Como si la gravedad de la práctica y sus efectos sobre las víctimas –directas e indirectas-, comunidades y su entorno no bastara, y como si la naturaleza misma de la Desaparición Forzada, con sus intencionalidades de castigo, producción de terror y ocultamiento no fuera suficiente, vale la pena entonces recordar e insistir en que se trata también de un crimen de lesa humanidad.

En términos de caracterización, aproximarse al fenómeno de la Desaparición Forzada de Personas implica verse abocado también al esfuerzo por identificar a los ejecutores. Superando su origen histórico –en principio ligado a prácticas de actores estatales-, la Desaparición Forzada, muy infortunadamente, se ha hecho parte del repertorio de actores armados ilegales muy diversos.

Esto hace que la labor de esclarecimiento se torne aún más difícil en un contexto particularmente complejo como el nuestro, y del cual el caso que hoy nos convoca es fiel reflejo, donde hay fronteras difusas por medio de las cuales se verifican tránsitos entre el conflicto armado y la criminalidad organizada y el narcotráfico.

Pero es justo allí, ante lo desolador que se nos presenta el panorama, que sin pensarlo y contra los pronósticos más probables, nos sobrecogen las iniciativas humanitarias de gentes como las de las poblaciones rivereñas del Cauca, habitantes como los de Beltrán y Municipios como Marsella. Y es en este sentido que también la otra gran parte de lo que motiva este encuentro no es desoladora.

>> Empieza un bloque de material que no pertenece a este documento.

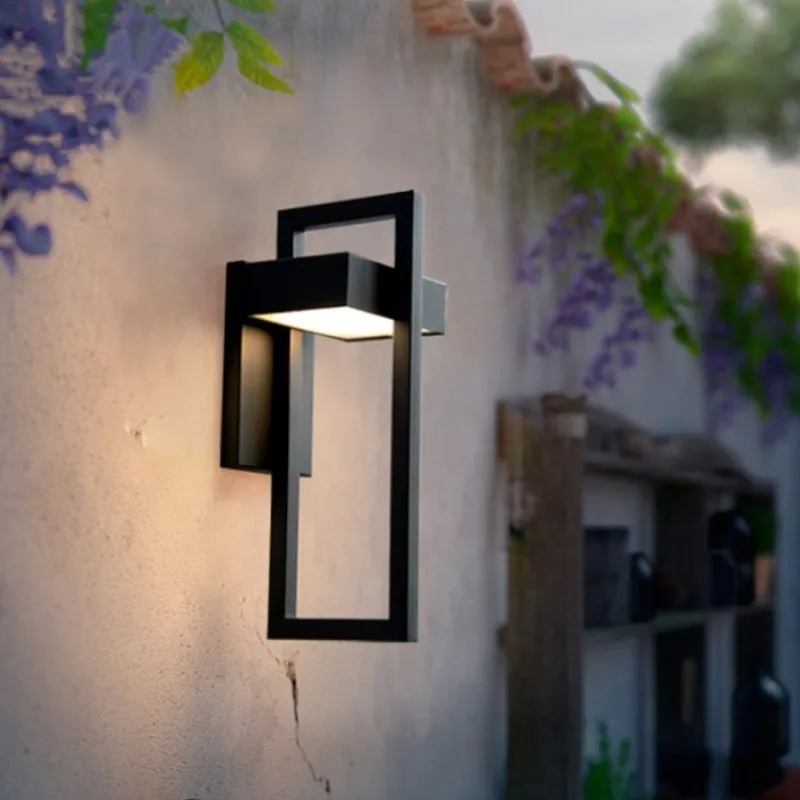 Fonte de Água Residencial ILUMINAÇÃO DE PAREDE EXTERIOR/NOCTURNGLO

Como en el fragmento del cuento “El ahogado más hermoso del mundo” de García Márquez (que retoma la Universidad Santo Tomás en el documental Ríos de vida, santuarios de la memoria, pero en plural, pues no se trató de uno, sino de muchos, casi incontables para la memoria de quienes los acogieron: “No tuvieron que limpiarles las caras para saber que eran unos muertos ajenos”. Y así, en semejante dimensión, es que esta grandeza debe ser exaltada, y reivindicado el papel de estos hombres, mujeres, niñas y niños magníficos, que se reconocen en la humanidad de quienes buscan a sus seres queridos y que, aun sabiendo que venían de río arriba, no por ello renunciaron a lo que asumieron como un mandato ordenado por la más irresistible humanidad porque, como también se lee en el cuento, en algún sentido “a última hora les dolió devolverlo huérfano a las aguas, […] así que a través de él todos los habitantes del pueblo terminaron por ser parientes entre sí”.

Con los costos personales y emocionales que no son  posible evitar frente a esta atroz, aunque silenciosa práctica, o, mejor, atroz justamente por el silencio y ocultamiento que la envuelve, asumieron la labor de visibilización, como un contra hecho a la invisibilización que subyace y es connatural a la desaparición forzada.

Por esto, y por haber cargado y cargar aún con un peso que corresponde también y en parte a la sociedad, aprovecho por medio de estas líneas para nombrar su gesta, para tratar de poner en palabras lo que a las palabras les es difícil reflejar, y para decirles, en nombre de muchos, de muchos que no están acá y de muchos más que ni siquiera conocen ni podrán ustedes conocer, porque espero que sean gentes de todo el mundo que yo tampoco conozco, y no necesito conocer: gracias, millones y millones de gracias”.